Oliver Nelson (tenorsax) – Stolen Moments (album: Blues And The Abstract Truth)
‘En als dan in Stolen Moments na het prachtig verzorgde thema, op 1 minuut 23 Hubbard zijn trompet aan de mond zet en begint te spelen, krijg je echt even kippenvel. Steeds opnieuw, elke noot op het juiste moment, 8 minuten en 42 seconden lang. Mooi ook hoe daarna Dolphy (dwarsfluit) en Oliver Nelson zelf (tenorsax) elkaar opvolgen. Ook Nelson blaast hier een van zijn sterkste solo’s ooit.’
(Gijsbert Kamer, De Volkskrant, 7 juli 2015)
Art Pepper (altsax) + Eleven – Opus de Funk/Walkin’ (album: Modern Jazz Classics)
‘This album and the earlier Art Pepper Meets the Rhythm Section are surely the two most important sessions in Pepper’s entire recording career.’ (www.concord.com)
However, instead of the usual well-worn standards that were the mainstay of West Coast swingers, Marty Paich (arranger) fashioned charts from relatively new compositions by jazz artists such as Monk, Gillespie, and Mulligan. All of these songs, generally more associated with smaller units, are inventively arranged for the big band format. Paich balances peppy horn riffs with open spaces that allow Pepper room to soar.
(David Rickert, www.allaboutjazz.com, 2003)
‘No fun, het leven van die man. Gevangenis in, gevangenis uit, tot en met San Quentin, scoren, cold Turkeys, dealers en kit, vrouwen, lijken in kamers, zogenaamde vrienden, verraad en vlagen van acute paranoia… nee, leuk is anders.’ (Jules Deelder, Jazz, 1992)

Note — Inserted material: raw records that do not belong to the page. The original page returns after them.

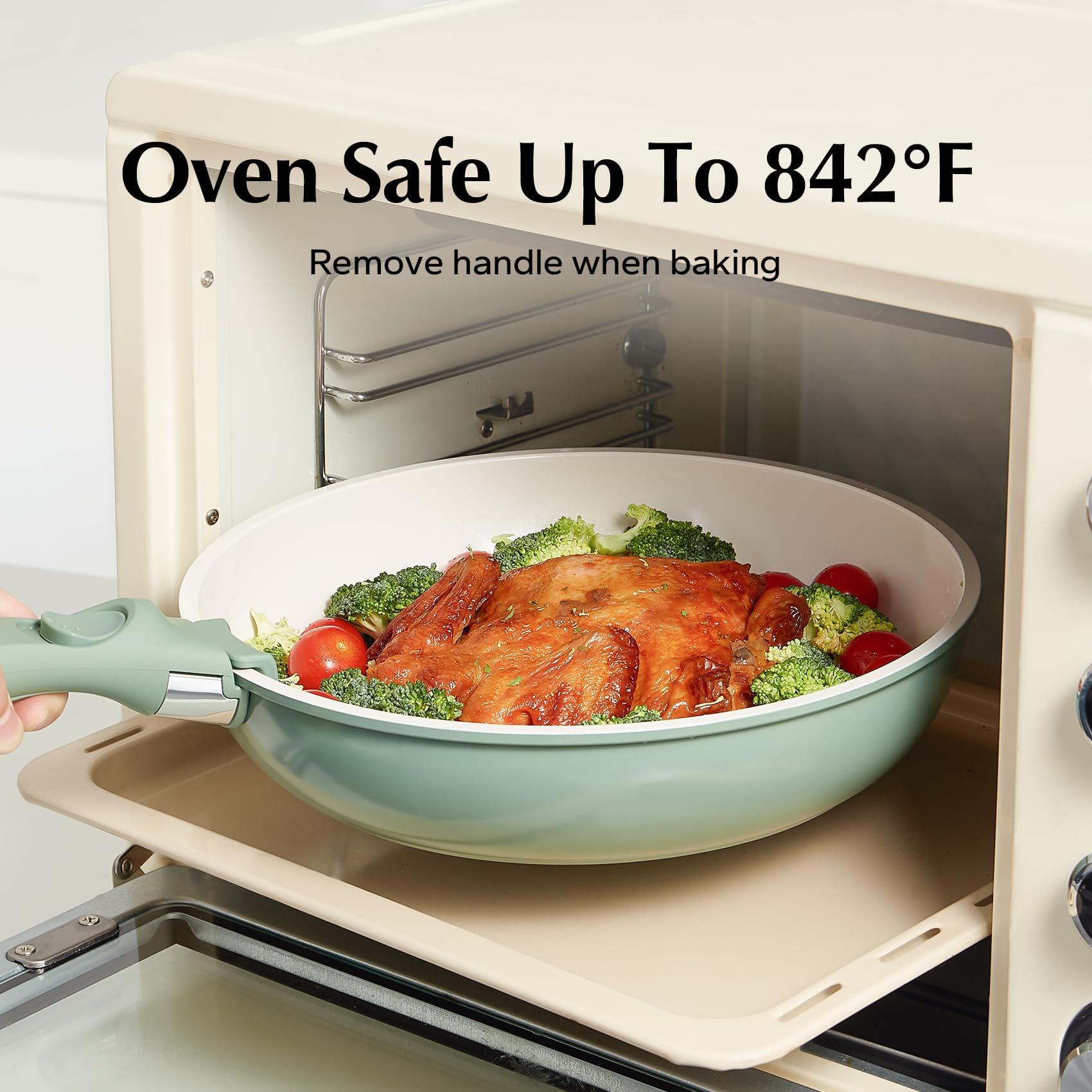 Redchef oven scene with handle detached showing oven-safe capability for roasting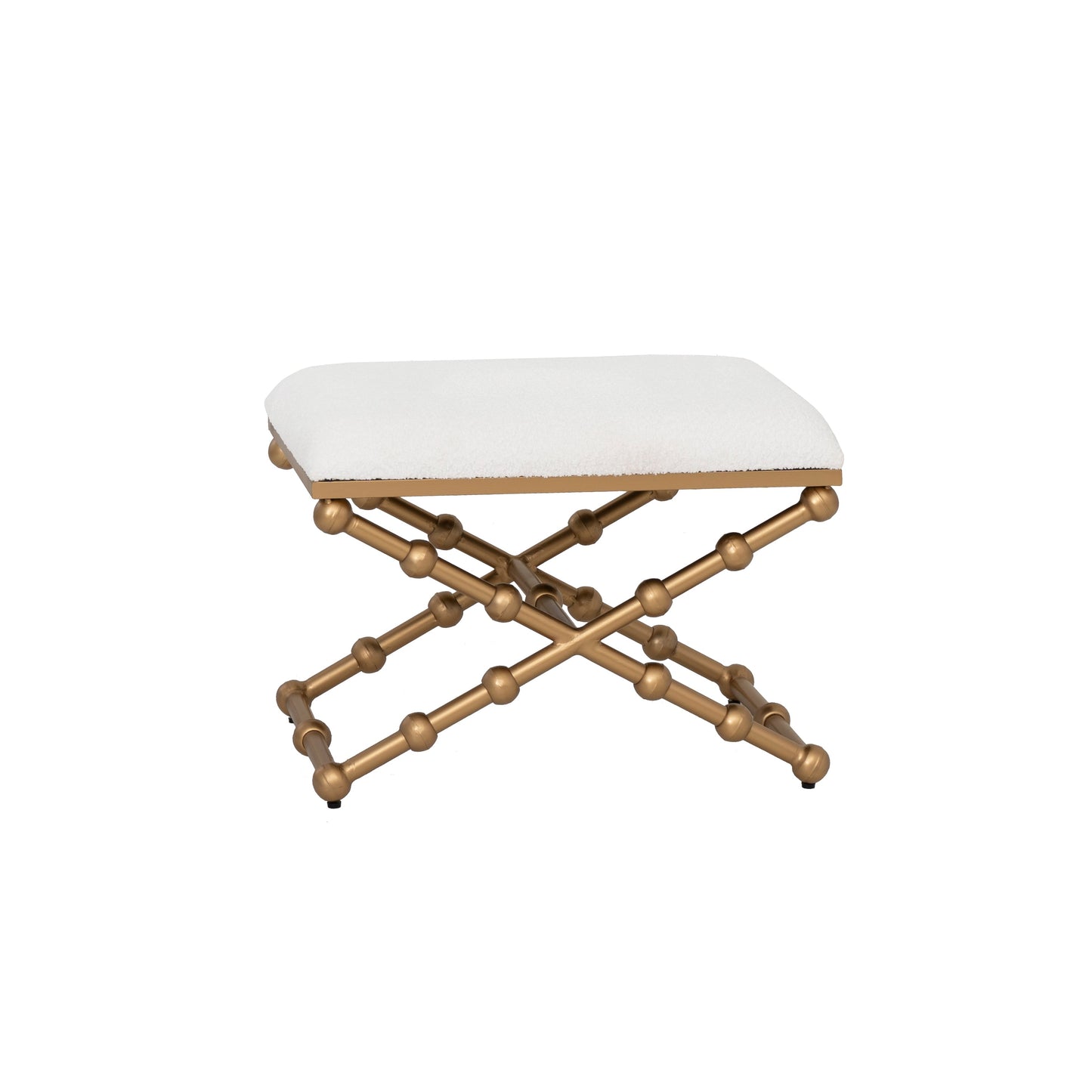 Tabouret sphérique doré bouclé crème de campagne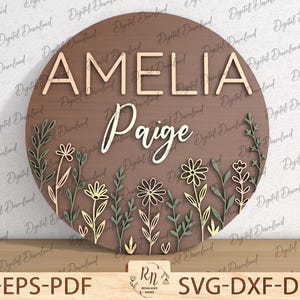 Personalized Wooden Wildflower Flower Svg, 3D Flower Nursery Name Sign SVG, Wildflower Baby Shower Wall Decor,  Wooden Name Sign, Glowforge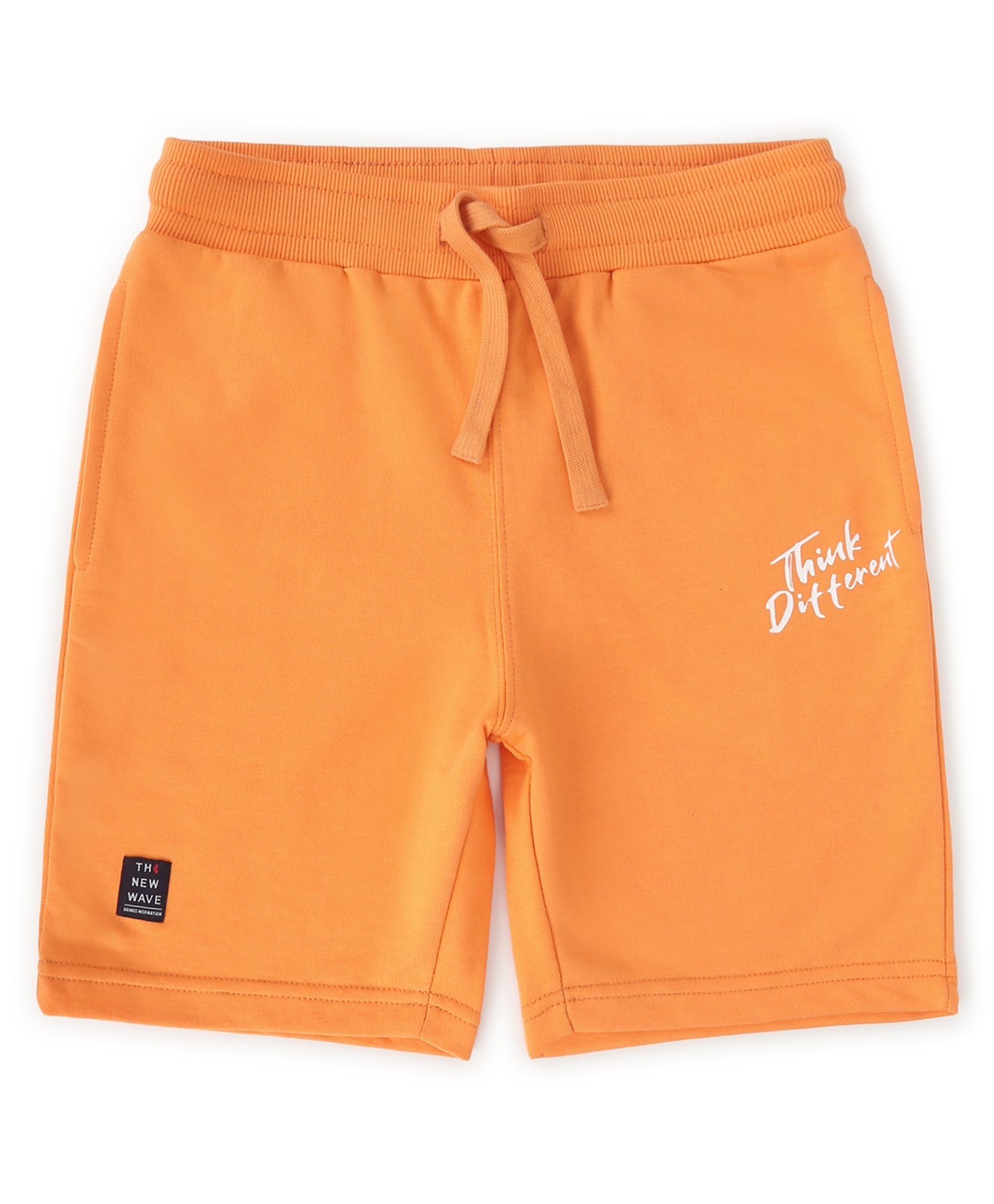 ALAN JONES Cotton Blend Knit Think Different Text Printed Shorts - Yellow-picture-27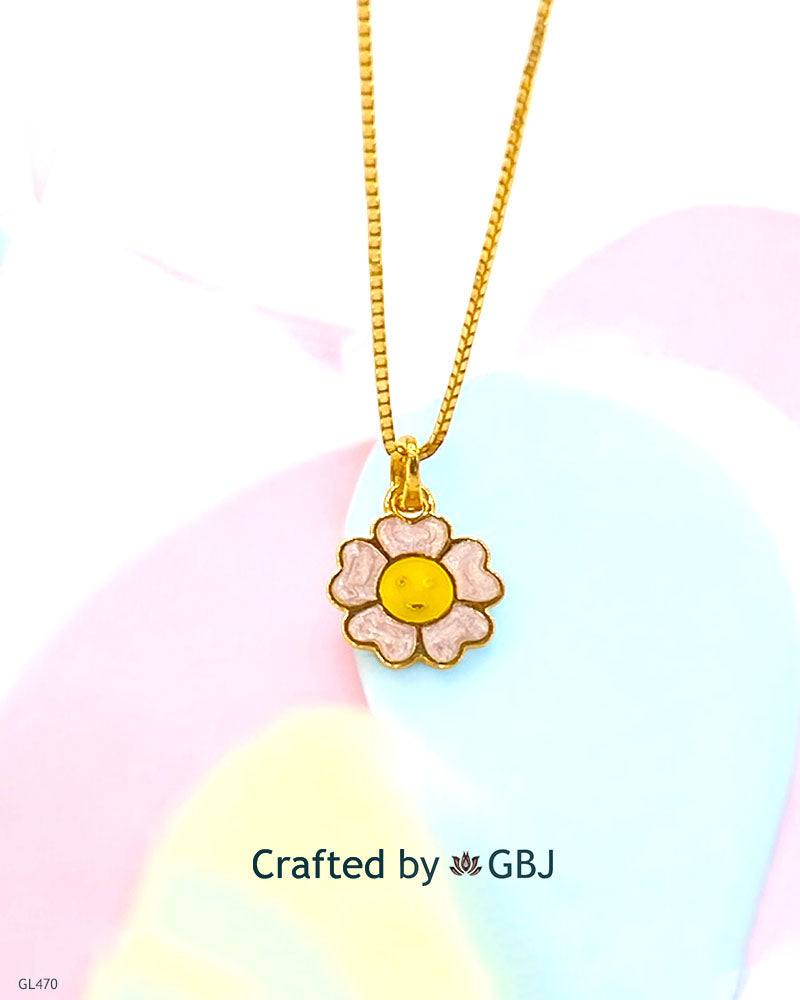 22K Real Yellow Gold Sunflower Locket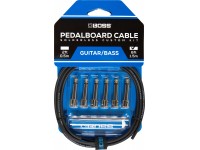 Kit de cabo e conectores sem solda para pedalboard/Pedalboards BOSS BCK-6 Solderless Pedalboard Kit 6 fichas jack + cabo 1.5m + 24K Gold Contacts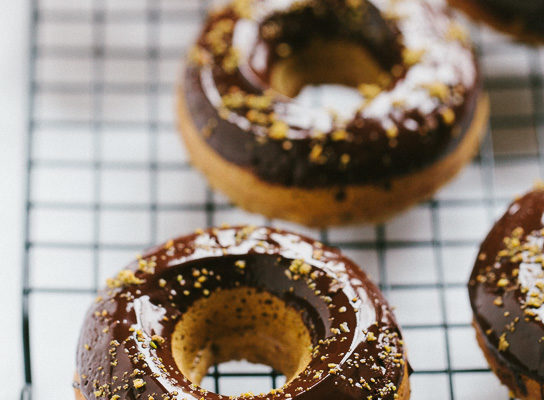 Pistachio Almond Baked Donuts | Gather & Dine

Johnny Hodges (altsax) – Gal From Joe’s
Johnny Hodges with Billy Strayhorn and the Orchestra was reviewed by Don DeMichael in the June 7, 1962 edition of Downbeat. DeMichael called the album “…among the best Ellingtonia issued in the last year”, writing that Hodges “tosses off phrases buttery in mellowness, fat with the milk of maturity and the honey of imagination.” (Wikipedia)
Charles Mingus – Cryin’ Blues/Better Git It in Your Soul
Charles Mingus (1922-1979) was een gigant van de jazz en een van de meest kleurrijke en levendige persoonlijkheden. Zoals bleek uit zijn autobiografie Beneath The Underdog, maar ook uit vele ooggetuigeverhalen van anderen. Hij werd ooit opgeleid als cellist en trombonist, maar koos later gelukkig maar voor de bas, terwijl hij ook als pianist tot veel expressie in staat was. Nog belangrijker wellicht is zijn status als componist en (nogal krachtdadig) bandleider. Een experimentator die het contact met het publiek nooit verloor.
Cryin’ Blues (album: Blues & Roots)
Cryin’ Blues is a blues without the usual tonic, sub-dominant, Booker Ervin (tenorsax) opens with the group. After the bass solo, Horace Parlan solos on piano, and Jackie McLean (altosax) plays with the ensemble on the out chorus. (from the original liner notes of the album Blues & Roots)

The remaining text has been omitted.